И вот в этой тишине с неба упало что-то влажное и тяжелое, приземлившись с сочным, многообещающим хлопком, как ломоть сырого мяса, который падает на другой такой же ломоть с огромной высоты. Проводники, оживившись, снова заговорили (боюсь, я мог вскрикнуть) и собрались вокруг упавшего предмета, который оказался плодом, хотя и не похожим на любые виденные мною до сих пор плоды. Он был отвратительно приапический, дюймов восемнадцать в длину, толстый, как баклажан, того особенного сахарно-новорожденного розового цвета, какой можно увидеть только в красках тропического заката. Но примечательнее всего было то, что он двигался – что-то заставляло раздуваться небольшими комками его тонкую однотонную кожуру, а потом снова сдуваться, и эти волны проходили по всей длине плода. Проводники снова одновременно и возбужденно заговорили, и подоспевший Таллент присоединился к их хору.
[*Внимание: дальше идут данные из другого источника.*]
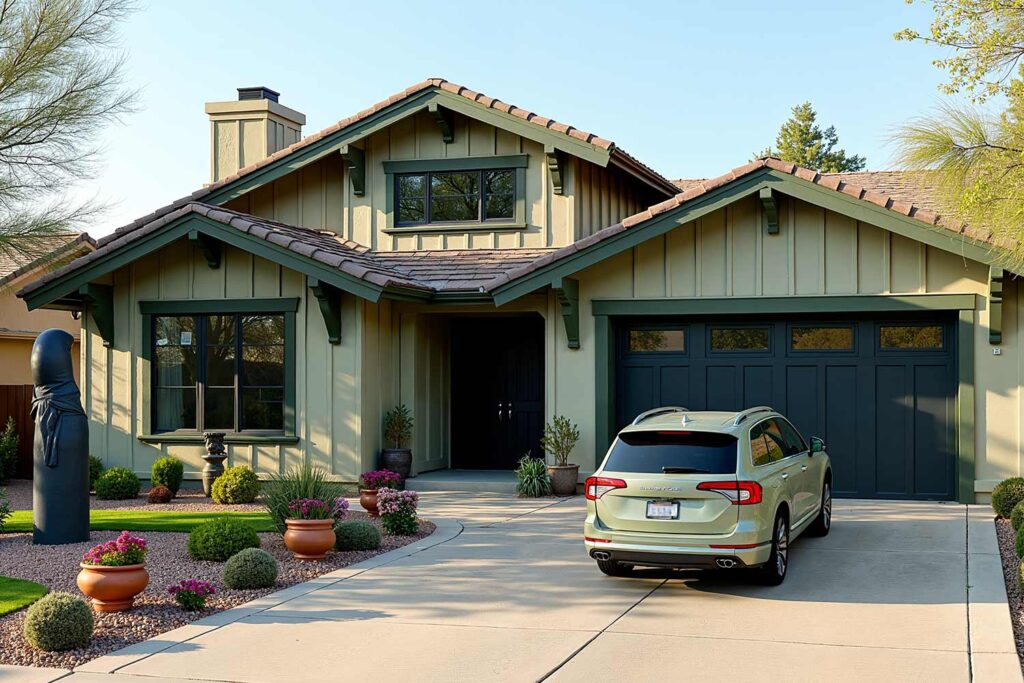 craftsman house with light olive siding moss green trim black door and green station wagon, car-influenced home color palettes, matching your ride and residence, car and house paint harmony, car-themed house color inspiration, color pairings for cars and homes, sync your car and house colors, vehicle-inspired home exteriors, house color ideas from your car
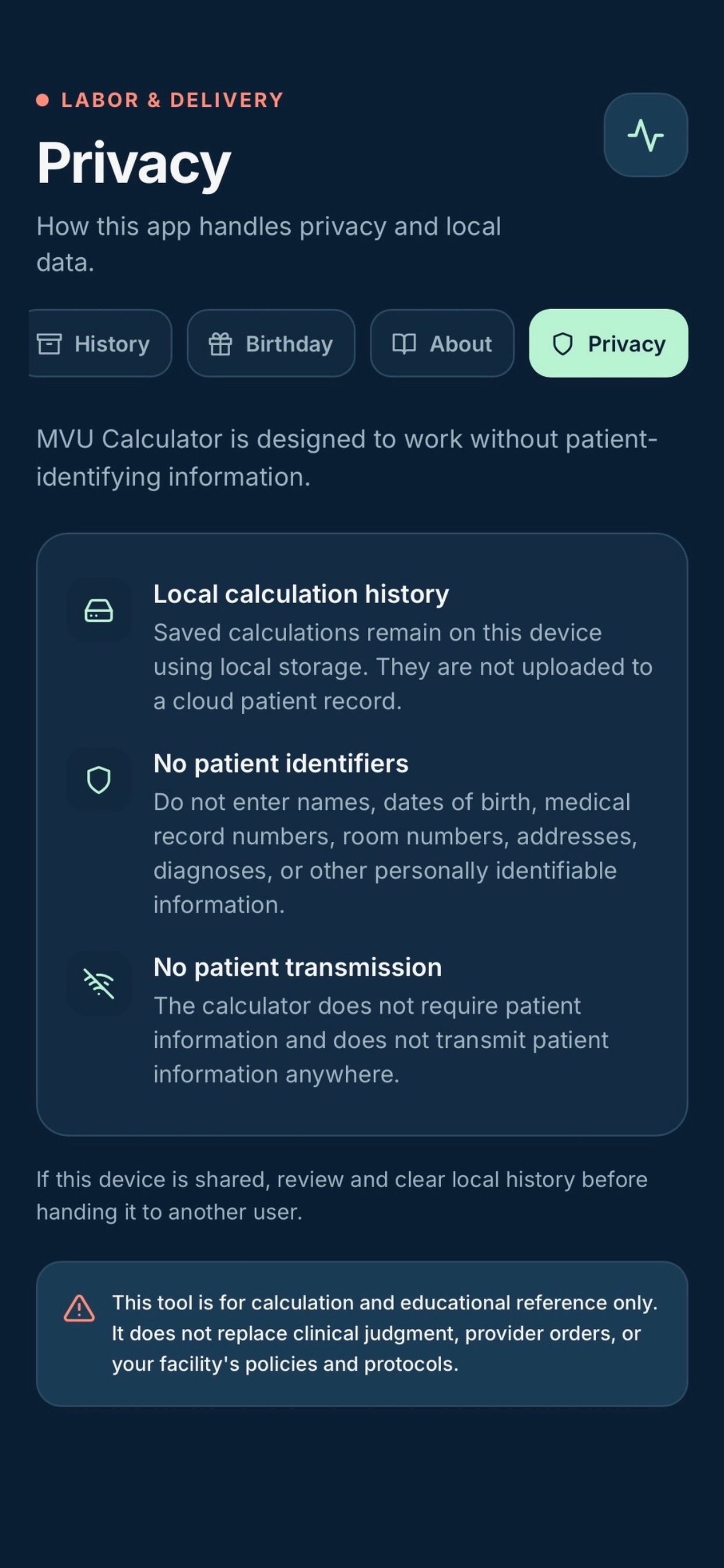 Screenshot 3 of MVU L&D Calculator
– Это плод манамы, – объяснил он. – Они растут только на этой высоте. Значит, мы близко.
Потом он взял плод из рук Фа’а и взрезал его посредине перочинным ножом. Из надреза высыпалась огромная копошащаяся масса личинок, размером и цветом походивших на мышат; они упали с плода на землю и начали расползаться, как кусочки мясного фарша, внезапно ожившие и устремившиеся по поверхности мха к чему-то спасительному. (Эсме, кажется, тошнило. Мне не стыдно признаться, что и меня тоже подташнивало.)
– Это черви хуноно, – продолжил Таллент, и на мгновение его безоблачное душевное равновесие, его явная неспособность испытывать отвращение от всего, что может бросить ему в лицо природа, показались мне свойством не совсем человеческим и несколько подозрительным. – Они проводят в этом плоде свой инкубационный период, а потом одновременно вырываются из него бабочками, самыми красивыми бабочками на свете. – Он улыбнулся нам. – Это деликатес, если их найти, но и сам плод – тоже. – Он спихнул последнюю личинку тупой стороной лезвия и отрезал для нас обоих по куску манамы. Не могу сказать, что я стремился попробовать плод, но выбора у меня не было. Эсме уже подносила свой кусок ко рту. Внутренность была того же цвета, что и поверхность, чуть сладкая, немного жилистая, с мясным, пружинистым ощущением хрящика. Таллент предложил мне добавки, но я помотал головой, и он, пожав плечами, передал остальное проводникам, которые принялись отрывать от плода целые куски. На темном фоне их кожи плод выглядел еще более уязвимым и мясистым, и я ощутил приступ необъяснимого страха.
Мы продолжили путь, и плоды манамы падали тем чаще, чем выше мы взбирались, всегда приземляясь с одинаковой тревожной силой. В какой-то момент я посмотрел вверх и обнаружил, что вижу только окружности этих плодов, будто бы по небу рассыпались плавающие опухоли, ни к чему не привязанные, но подвешенные над головой, как странные розовые луны. Постепенно другие деревья – например, канава, которая до сих пор попадалась на каждом шагу, – стали уступать место манамам (чья кора действительно набухала многоярусными, чешуйчатовидными наростами), пока мы не оказались полностью в их окружении, а воздух словно бы пронизался легким запахом чего-то человеческого и нечистого.